(SUPPLIED MATERIAL Opens)
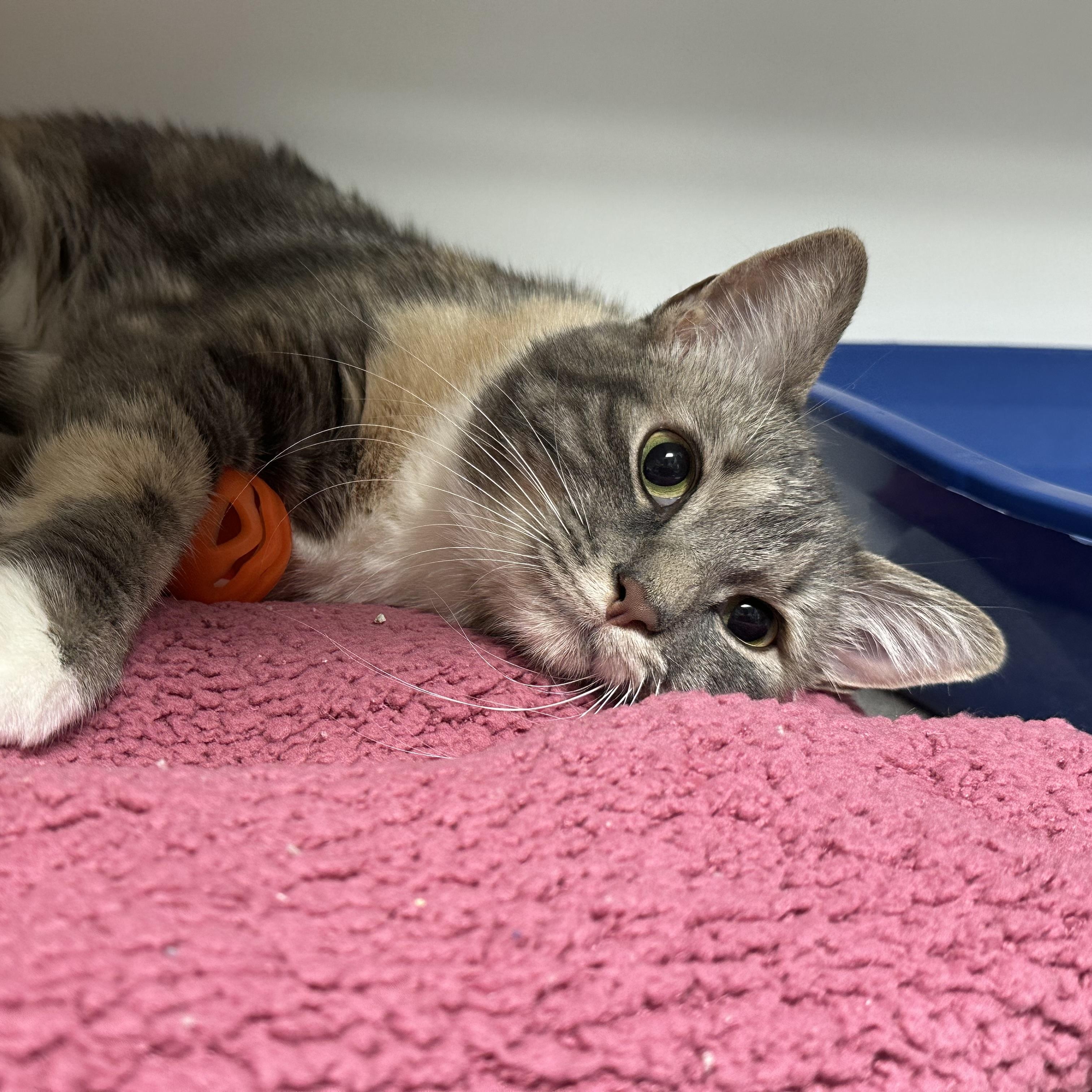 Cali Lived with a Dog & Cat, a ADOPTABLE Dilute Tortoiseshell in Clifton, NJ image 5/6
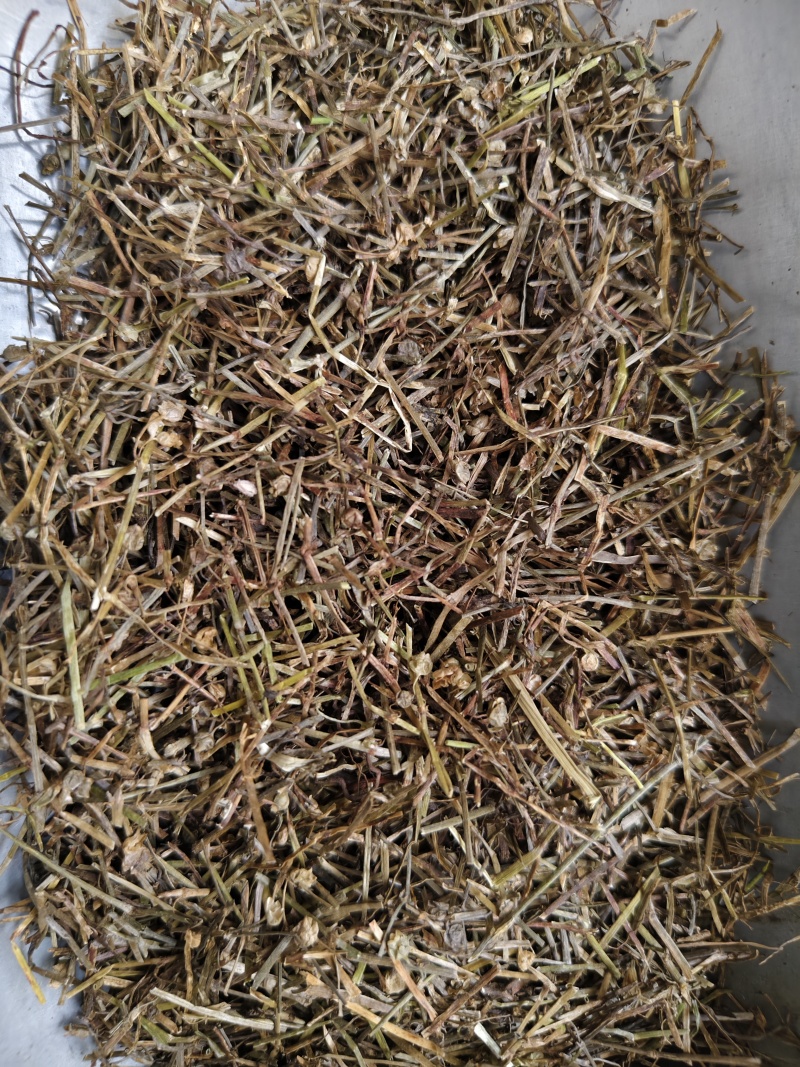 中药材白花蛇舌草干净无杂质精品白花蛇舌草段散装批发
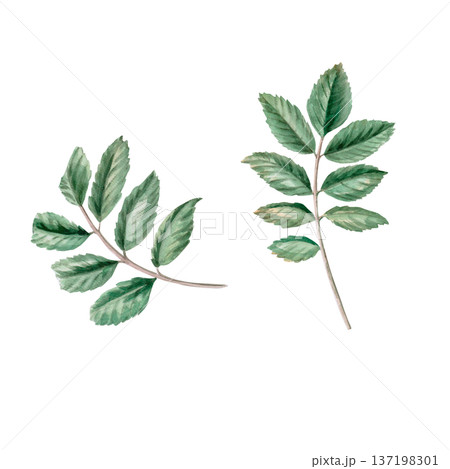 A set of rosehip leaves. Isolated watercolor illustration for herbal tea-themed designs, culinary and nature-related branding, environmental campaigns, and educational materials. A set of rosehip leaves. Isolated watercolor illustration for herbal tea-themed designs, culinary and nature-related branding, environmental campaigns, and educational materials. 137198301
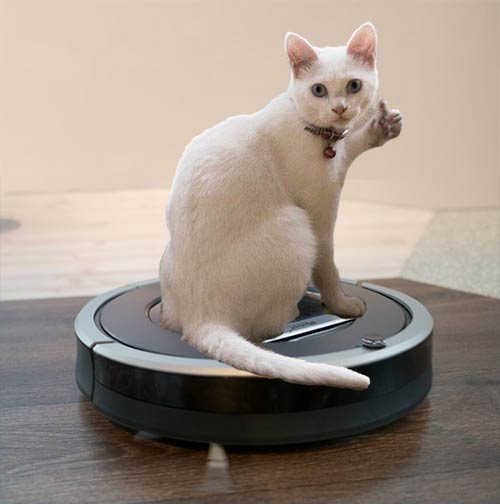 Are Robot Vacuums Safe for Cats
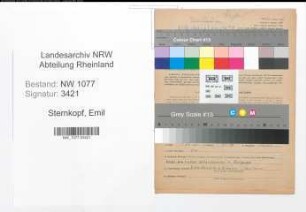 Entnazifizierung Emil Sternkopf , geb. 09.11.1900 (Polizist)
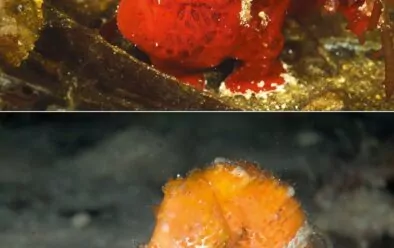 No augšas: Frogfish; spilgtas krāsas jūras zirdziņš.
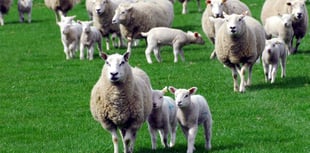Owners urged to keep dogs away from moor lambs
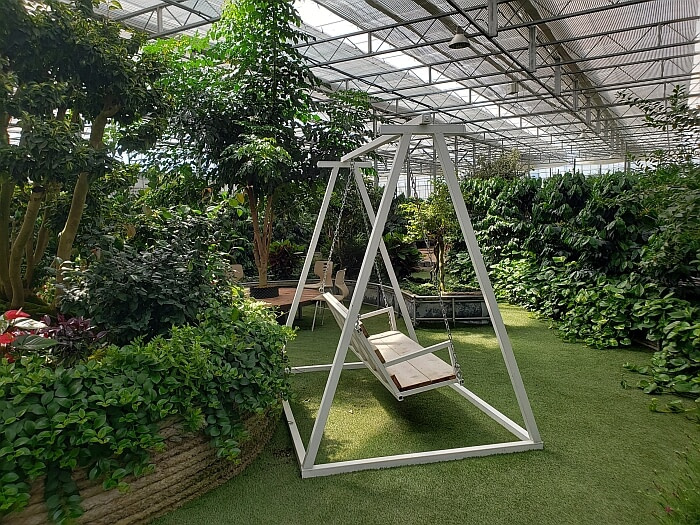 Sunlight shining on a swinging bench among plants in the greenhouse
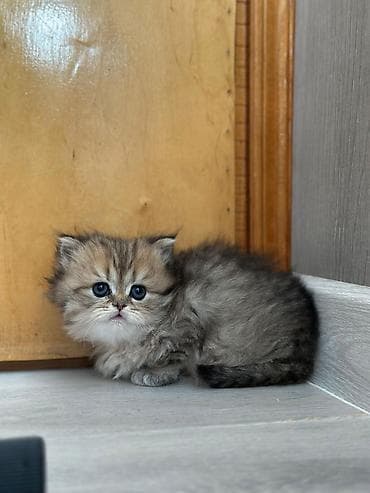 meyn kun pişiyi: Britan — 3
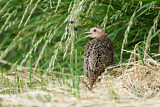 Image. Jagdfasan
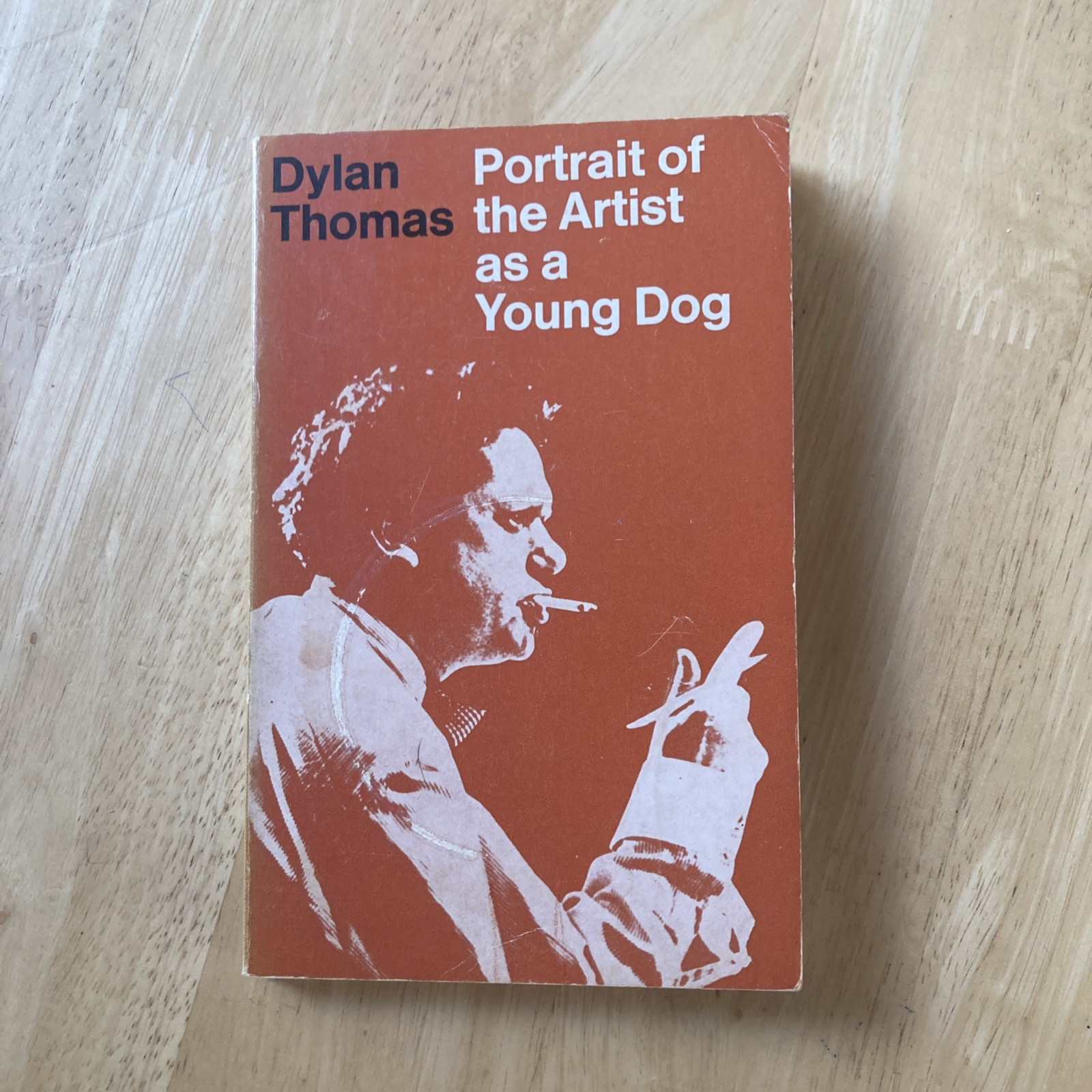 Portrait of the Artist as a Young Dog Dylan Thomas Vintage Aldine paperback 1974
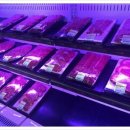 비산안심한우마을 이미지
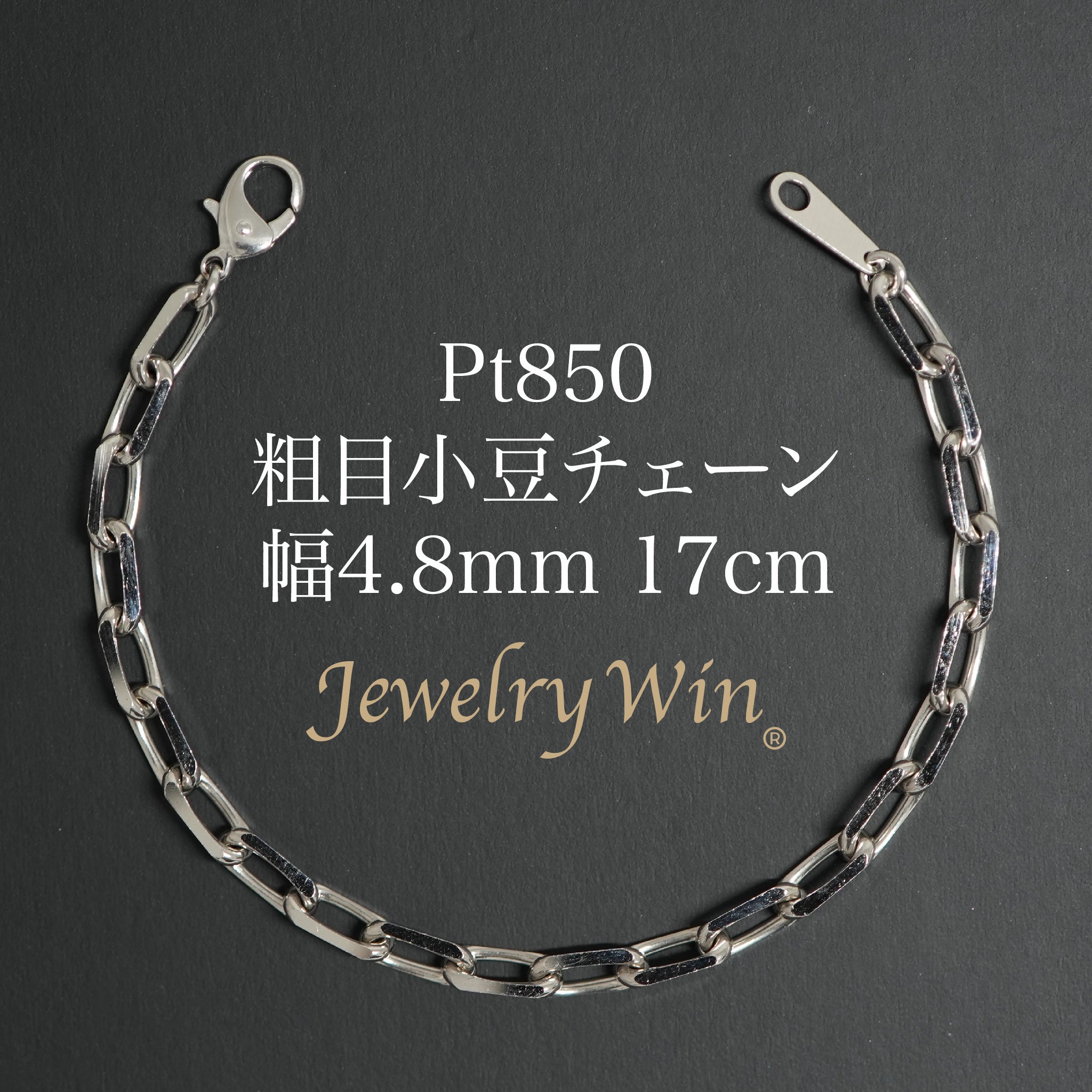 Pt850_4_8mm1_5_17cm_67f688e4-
(SUPPLIED MATERIAL Closes)
**TASK STATEMENT**
The lines to retype begin with the one containing "Sunlight shining on" and end with the last line of the records. Reproduce them exactly and omit the pictures.

**SOLUTION FOR THIS EXERCISE**
 Sunlight shining on a swinging bench among plants in the greenhouse
 meyn kun pişiyi: Britan — 3
 Image. Jagdfasan
 Portrait of the Artist as a Young Dog Dylan Thomas Vintage Aldine paperback 1974
 비산안심한우마을 이미지
 Pt850_4_8mm1_5_17cm_67f688e4-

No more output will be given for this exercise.